Assigned task: Everything from the line with "5 Rekomendasi Hybrid" down to the line with "Dette er et" below must be printed exactly, those two lines included. Exclude pictures.

Input:
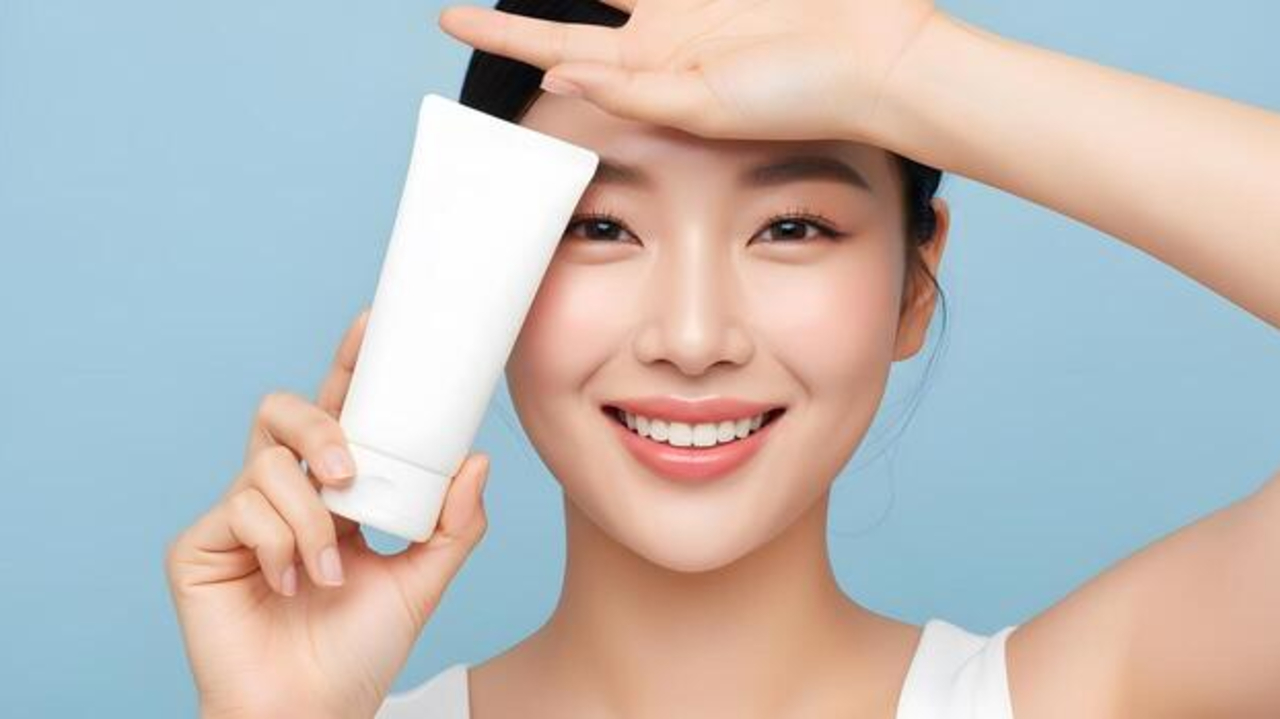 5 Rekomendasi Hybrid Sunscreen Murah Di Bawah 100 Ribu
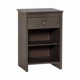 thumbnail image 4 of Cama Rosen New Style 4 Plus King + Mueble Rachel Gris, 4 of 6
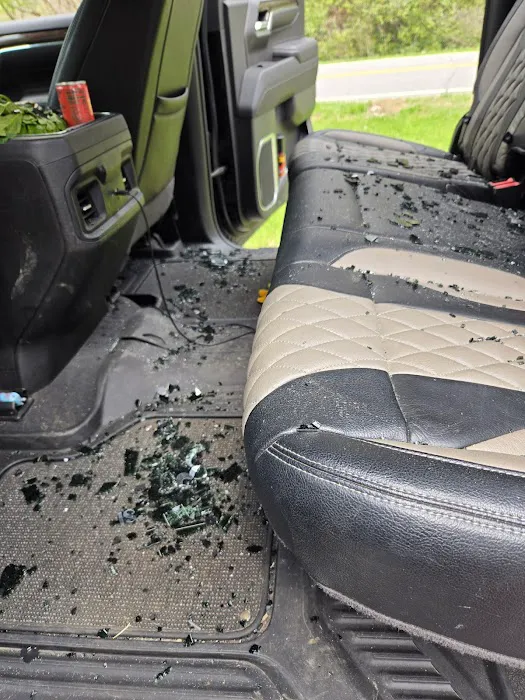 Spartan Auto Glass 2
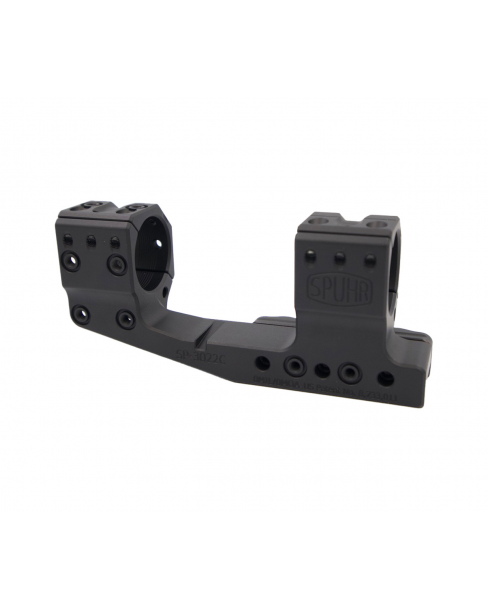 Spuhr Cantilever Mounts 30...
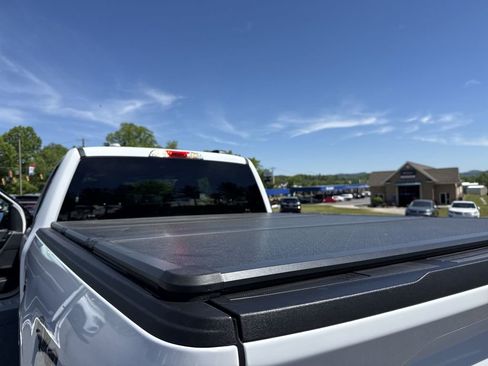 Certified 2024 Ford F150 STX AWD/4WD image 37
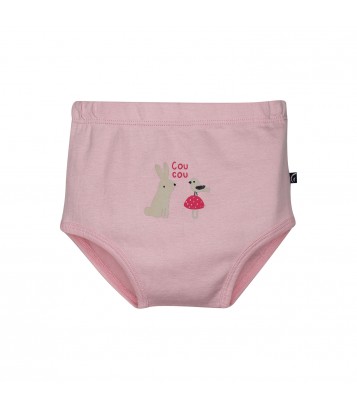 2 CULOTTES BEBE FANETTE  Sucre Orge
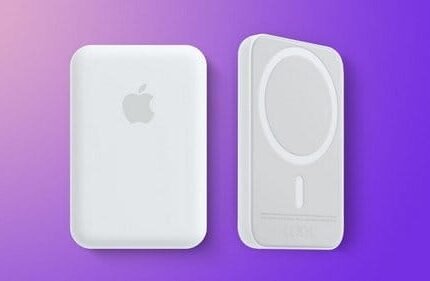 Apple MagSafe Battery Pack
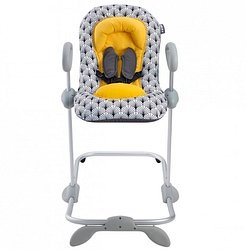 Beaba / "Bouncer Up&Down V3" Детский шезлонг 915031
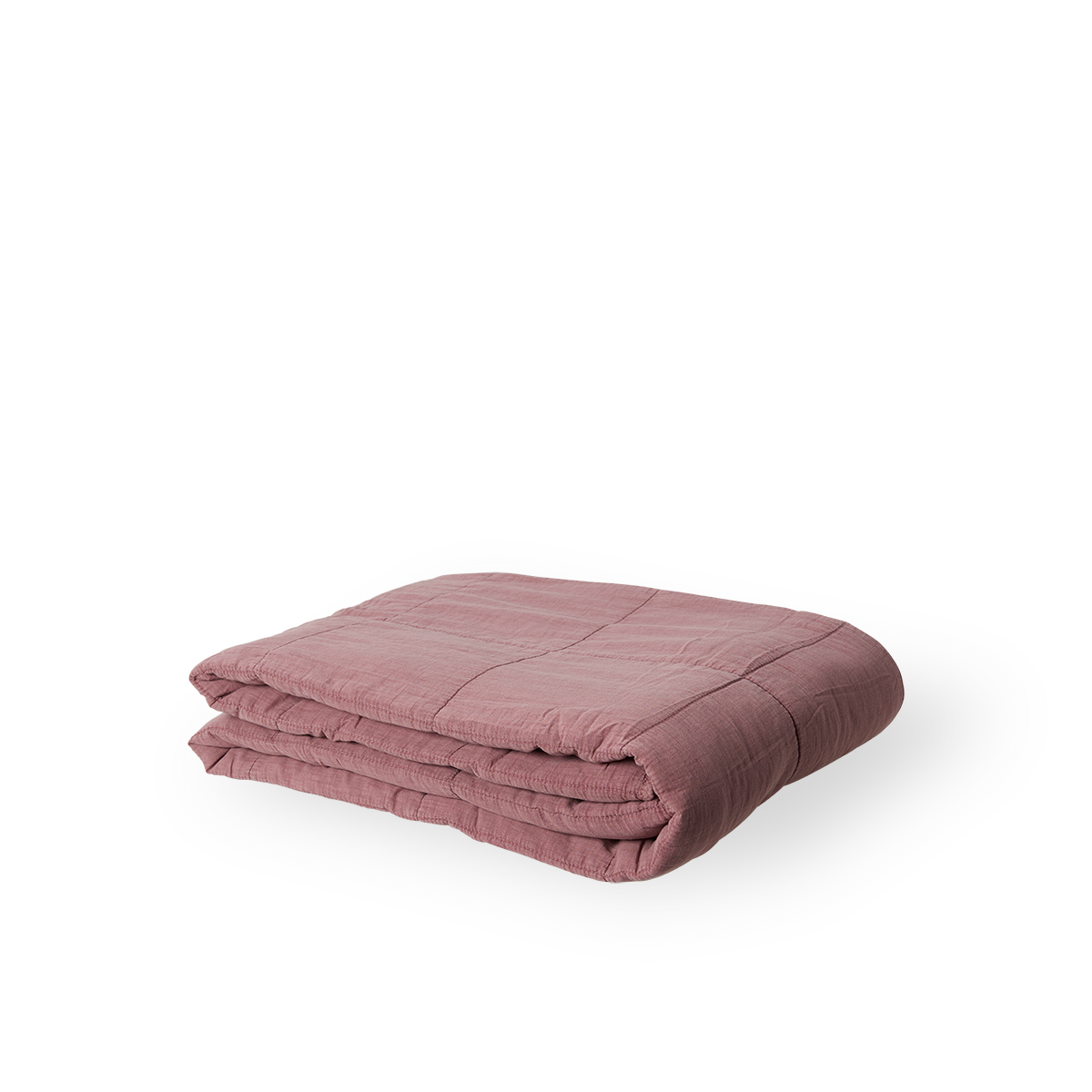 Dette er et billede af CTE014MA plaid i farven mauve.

* * *

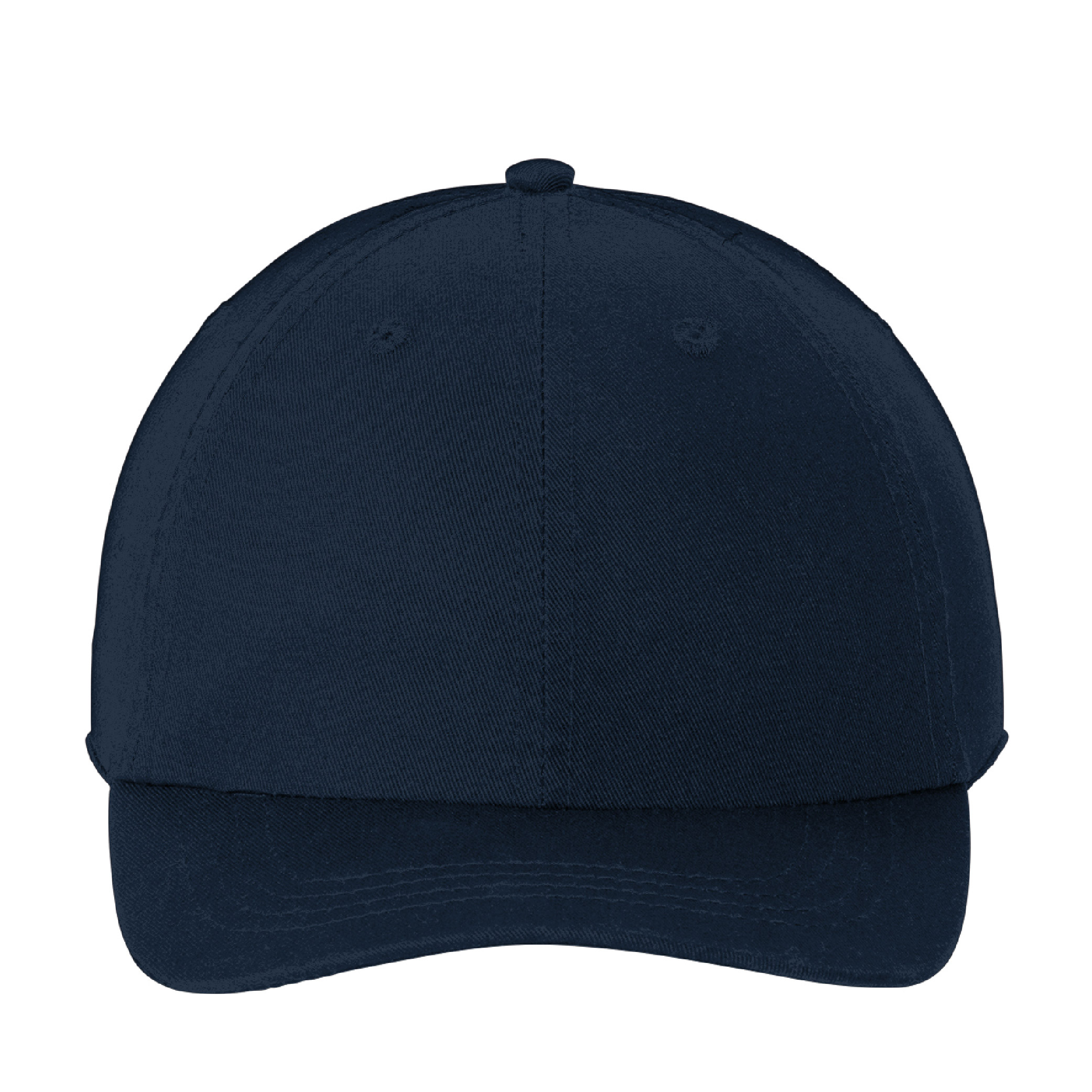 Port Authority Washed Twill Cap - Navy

==

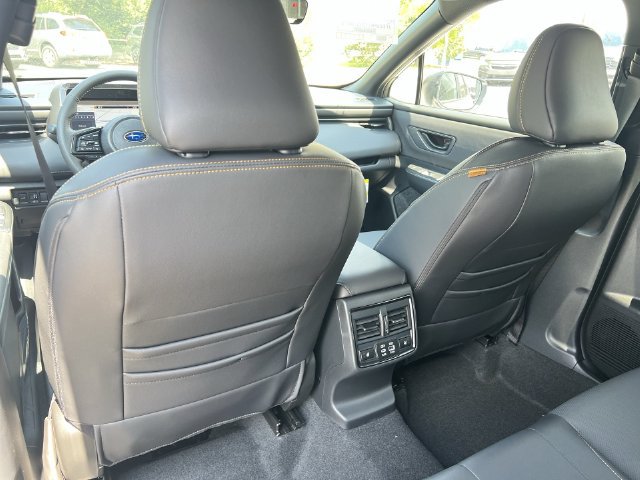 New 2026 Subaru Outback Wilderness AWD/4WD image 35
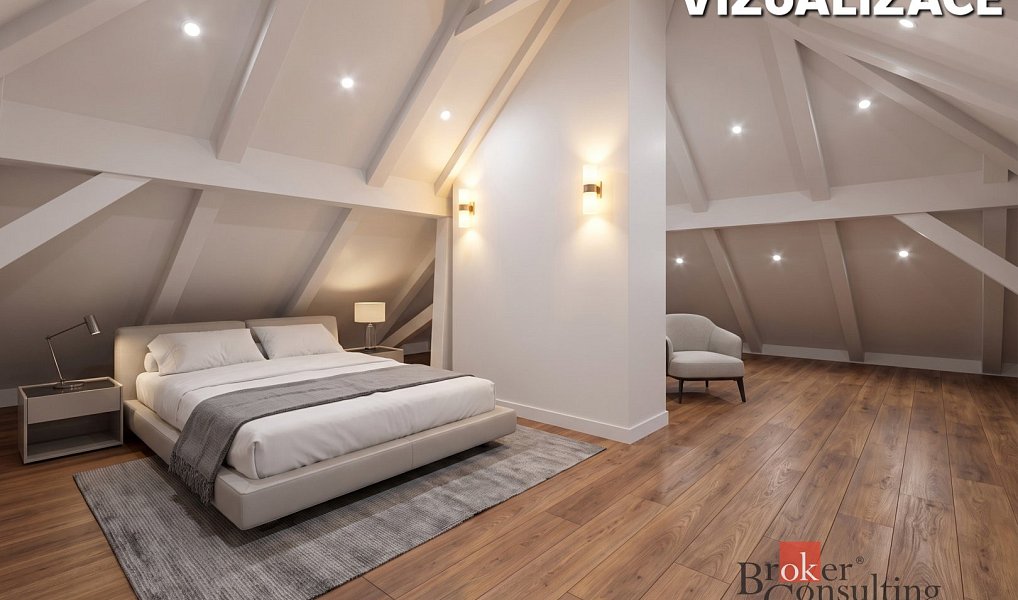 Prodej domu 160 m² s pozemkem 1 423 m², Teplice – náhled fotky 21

Completed exercise:
 5 Rekomendasi Hybrid Sunscreen Murah Di Bawah 100 Ribu
 thumbnail image 4 of Cama Rosen New Style 4 Plus King + Mueble Rachel Gris, 4 of 6
 Spartan Auto Glass 2
 Spuhr Cantilever Mounts 30...
 Certified 2024 Ford F150 STX AWD/4WD image 37
 2 CULOTTES BEBE FANETTE  Sucre Orge
 Apple MagSafe Battery Pack
 Beaba / "Bouncer Up&Down V3" Детский шезлонг 915031
 Dette er et billede af CTE014MA plaid i farven mauve.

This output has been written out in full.